The Life Stories of the Monks – 1884
Herein, when other monks created mind-made bodies through psychic
powers, they were able to create only a few, say, three or four, etc., but
they could not create a large number of such bodies. And when they did,
they could bring about only the figures that resembled the creator and in
the case of action, theirs was the one and the only kind.
Cūḷa Panthaka, however, created 1,000 figures at one stroke of advertence
in the process of consciousness. Such mentally created figures were
different in shape from one another, and that was why he was declared the
foremost (
etad-agga
) in creating mind-made bodies. Though the words are
explained in the commentary in various ways, the explanations are omitted
here lest the reader should get confused.
The sermons connected with these two monastics should be taken in detail
from the commentaries on the Traditions (
Apadāna
, Tha-ap 16), the Verses
of the Elder Monks (
Thera-gāthā
, 8.3, 10.4), the Dhamma Verses
(
Dhammapada
, 407), and the Exalted Utterances (
Udāna
, 5.10).
[1252]
13. Ven.
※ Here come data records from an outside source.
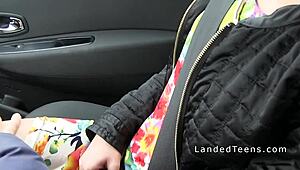 Small-tittied teen bangs hard in the car, wanna watch us? 🚗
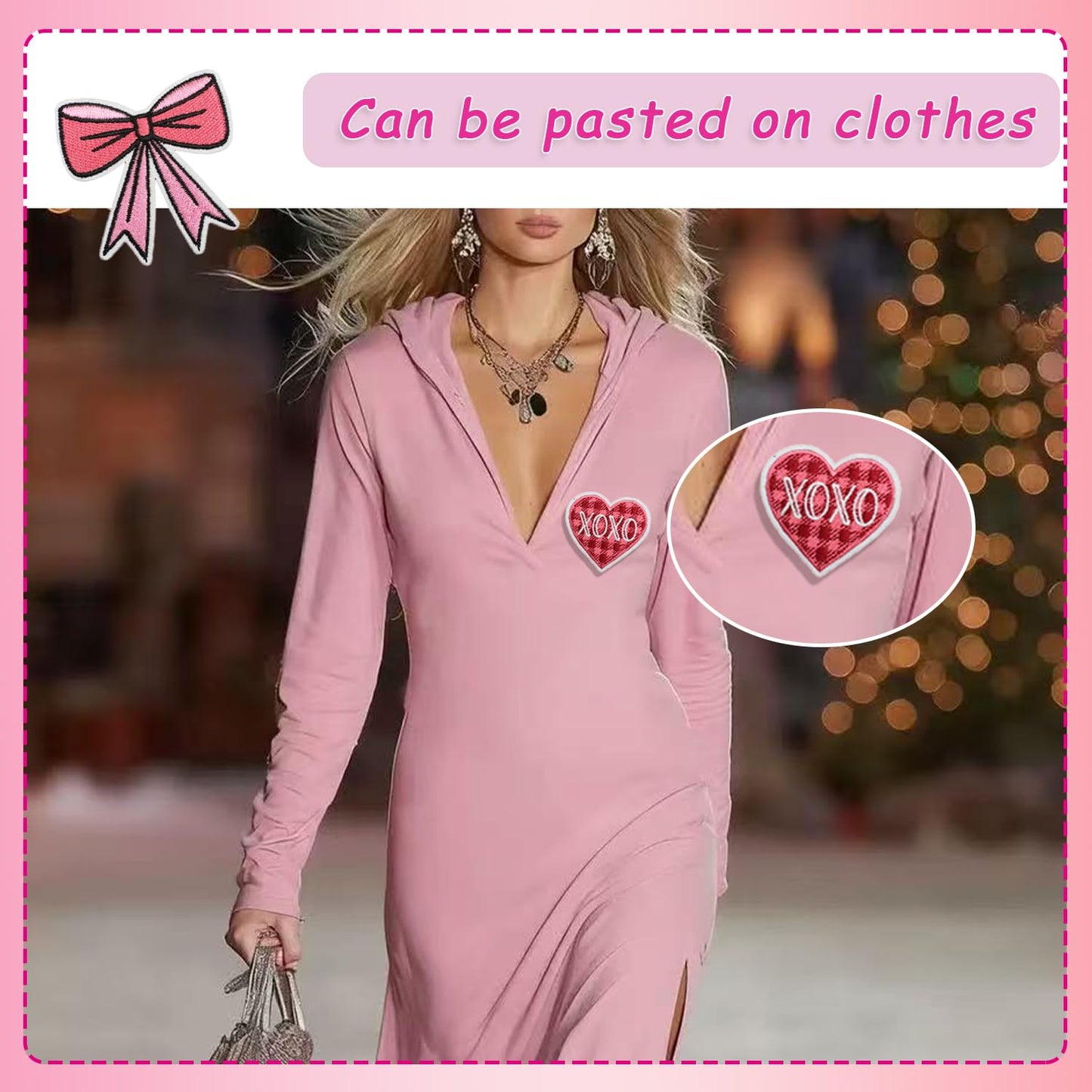 16 Pcs Valentines Iron on Patches Romantic Embroidered Sew Applique Repair Patch for Clothes, Backpacks, Red Love Heart Pink Bow Designs Iron on Patch
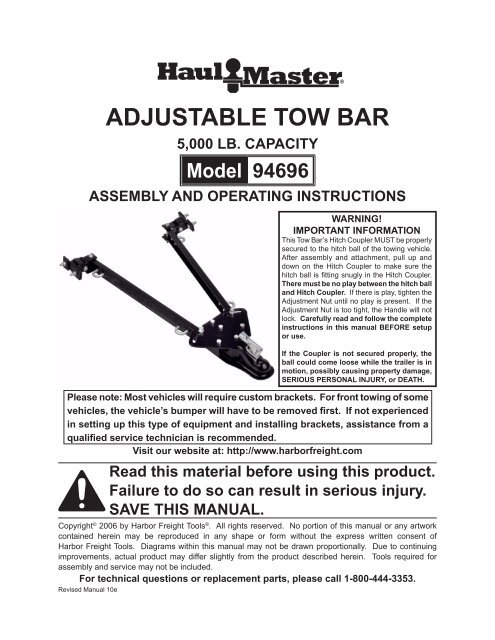 Harbor freight sale tow bar brackets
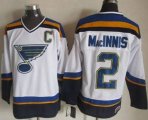 St. Louis Blues #2 Al MacInnis White Navy CCM Throwback Stitched NHL Jersey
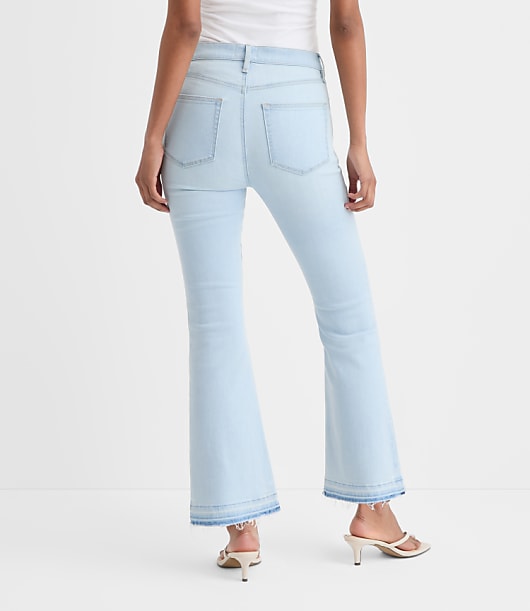 Rivete Petite Curvy Unpicked High Rise Kick Crop Jeans in Wave Wash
Subhūti
Aspiration in the Past
This Subhūti, a virtuous man of good family, was born in the family of a
Brahmin householder before the appearance of Buddha Padumuttara, 100,000
aeons ago, his name then was Nanda.
When the young Nanda came of age, he was educated in the three Vedas but
since he could not find any beneficial substance in them, he became an ascetic
with other youths, numbering 44,000, at the foot of the mountain named
Nisabha. He attained the five mundane psychic powers and reached the eight
mundane attainments. He also helped his companions, the 44,000 ascetics, attain
the absorptions and psychic powers.
At that time, Buddha Padumuttara appeared in the world and while he was
sojourning in the royal city of Haṁsavatī, he surveyed the world of sentient
beings one morning and saw the potentials of Nanda’s pupils, the 44,000 matted-
hair ascetics, to become Arahats. As for Nanda himself, the Buddha also saw
that he would aspire to be a great disciple endowed with a twofold honour.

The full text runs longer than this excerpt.